The amigos went out for beers and fried chicken at Maro Polo saloon in Georgetown tonight.

After that, we checked out the goings-on at the Equinox Studios and the Georgetown Atelier art school nearby.
It was the once-a-month open day for the public.

Friday/ got the frame 🖼

This puzzle is a holdover from the pandemic.
The entire dining room table is full of puzzle pieces, and at this point it’s hard to believe they are all going to be squeezed in tightly into the frame!

The 1,000-piece puzzle 91130 is by Buffalo Games & Puzzles. The artwork was done by Kim Norlien, titled ‘Mountain Paradise’.

Update Sat. 9.00 am: Here’s an update! The house, the mountain and the boat are much easier to build than the water and the foliage! I suspect some of the last pieces to fall in place will be the shadows on the bottom left corner.
Update Mon. 5.00 pm: All done! The tree at the top right was hard to complete, for some reason, as were the waters of the lake. The last piece that went in was one of the brown ones depicting the rocks at the bottom of the lake. 

Friday/ Shabbat Shalom 💜

Art and text posted by Jamie Schler@lifesafeast on X:

Shabbat Shalom.
Peace, joy, kindness to you all.

‘If all life moves inevitably towards its end, then we must, during our own, colour it with our colours of love and hope’. – Marc Chagall.

Marc Chagall, La Vie, 1964, Fondation Maeght, Museum of Contemporary Art, St. Paul de Vence, Departement Alpes-Maritimes, Provence-Alpes-Cote.
Side note: The Israeli parliament building, known as the Knesset, is decorated with huge tapestries by Marc Chagall depicting biblical scenes.

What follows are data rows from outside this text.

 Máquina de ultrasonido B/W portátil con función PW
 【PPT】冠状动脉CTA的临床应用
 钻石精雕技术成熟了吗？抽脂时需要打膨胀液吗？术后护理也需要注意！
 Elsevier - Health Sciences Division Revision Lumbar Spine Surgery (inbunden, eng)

Friday/ pinball machines 🚨

It was a lovely day here in Seattle (71 °F/ 22 °C).
Four of the amigos played a little pickleball this morning.
Afterwards we had something to eat and drink, on the patio of the dive bar called Twilight Exit, in Central District.

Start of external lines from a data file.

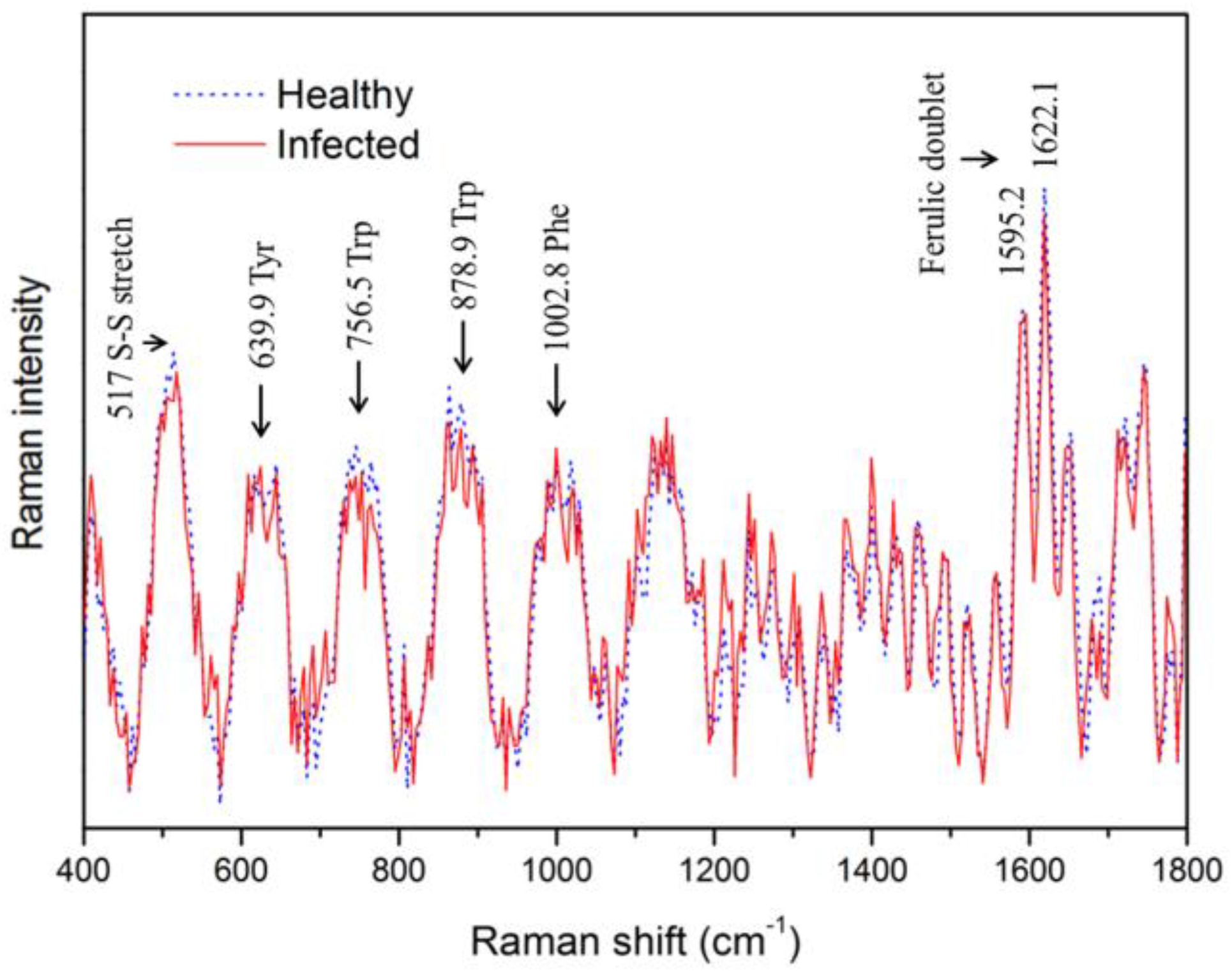 Sensors 17 02188 g005 Sensors 17 02188 g005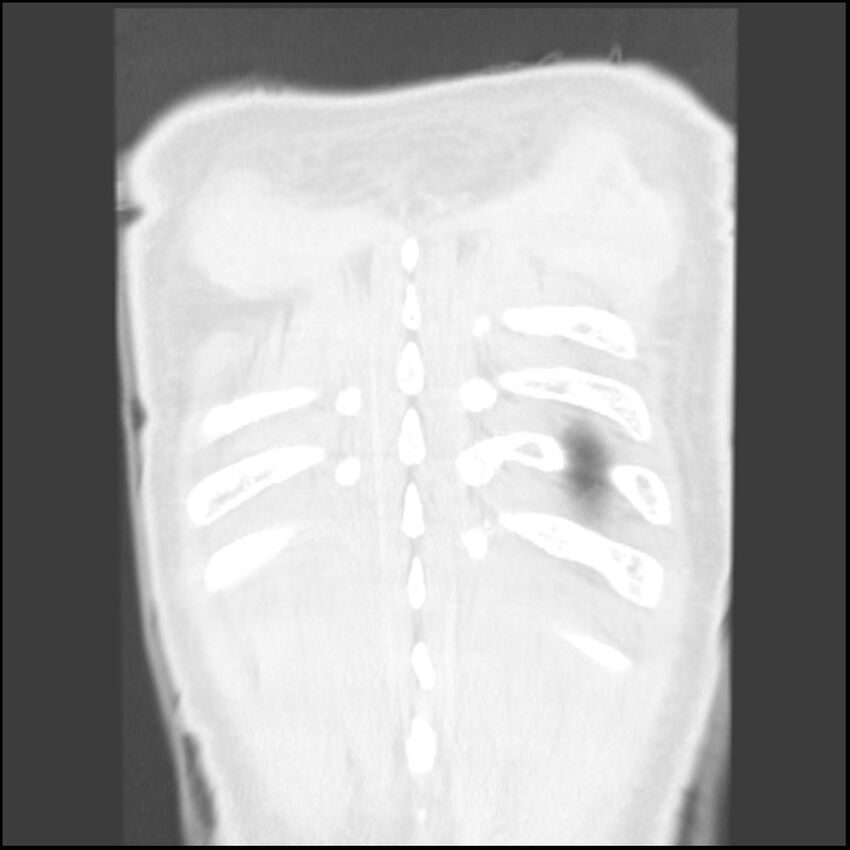 Angioinvasive aspergillosis (Radiopaedia 43957-47466 Coronal lung window 1).jpg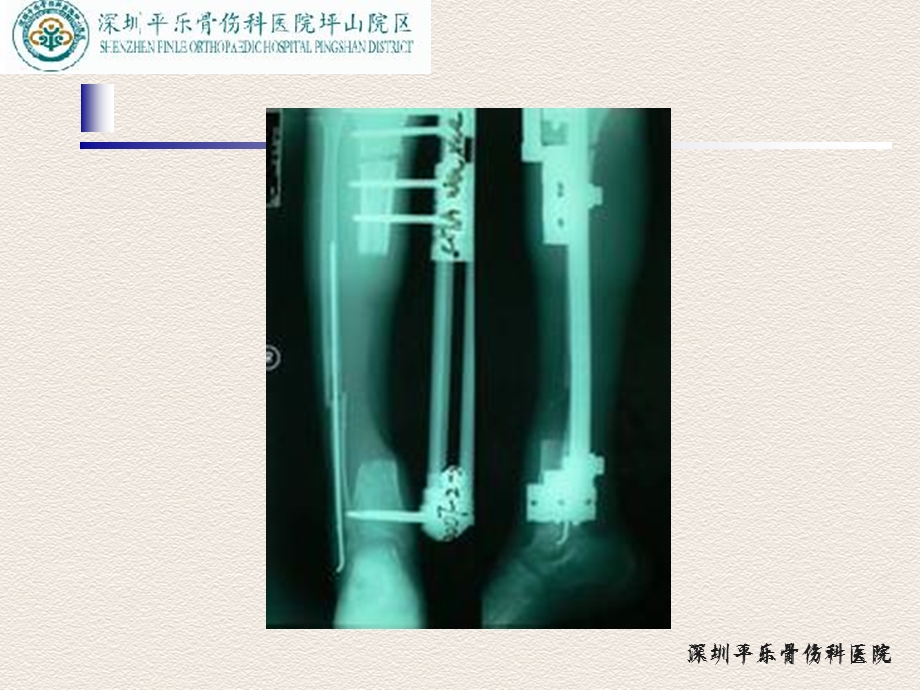 Masquelet技术参考ppt课件.ppt_第2页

The pinball machines in Twilight are very cool.

Monday/ at the museum 🏛

We made a brief stop in downtown Fairbanks today, and then headed to the The University of Alaska Museum of the North (the museum is on the campus of the university).

The bridge over the Cena River in downtown Fairbanks is lined with the Stars and Stripes and the Alaska State flag.
We stopped by this arts and craft market with its vast collection of weird and wonderful souvenirs and antique items.
The U.S. Post Office and Courthouse building on Cushman St. between 2nd and 3rd Ave. was constructed in 1932-33 and features aluminum trim with Art Deco detailing.
The next set of pictures are all from the Museum of the North. This illustration features animals that roamed around what is now Alaska, from the Pleistocene Ice Age that began 2 million years ago.
That’s a kayak above, of course— and an umiak below: an open boat made of animal hide stretched over a wooden frame, designed to carry many people.
Male Doll, 1998. Artist Rosalie Paniyak. Sealskin, rabbit, wood, textile, beads and waxed thread.
Seabird Mask ‘Uyaleg Kegginaqur’ 1982. Creator: Qiu Henry Shavings.
Postcard of the 1970s of young people doing a ‘blanket toss’.

Tuesday/ washed out 😢

Blue diamonds, strike ’em anywhere
First we caffeinate then incinerate
We’ll get you
And sparks will fly in the summer air
Did you pull out of your stall
Maybe I’ll see you after all

[Chorus: Stephan Jenkins]
Hold me down, I want to find out
We say no ’cause I live my life like a burning man
Like a burning man, a burning man
Like a burning man
And I won’t get enough until my legs are broken
– Lyrics from ‘Burning Man’ by Third Eye Blind, 1997


It’s nice to see the stranded— stranded in mud, in the desert!— festivalgoers to this year’s Burning Man are able to finally make an exodus from the muddy grounds there.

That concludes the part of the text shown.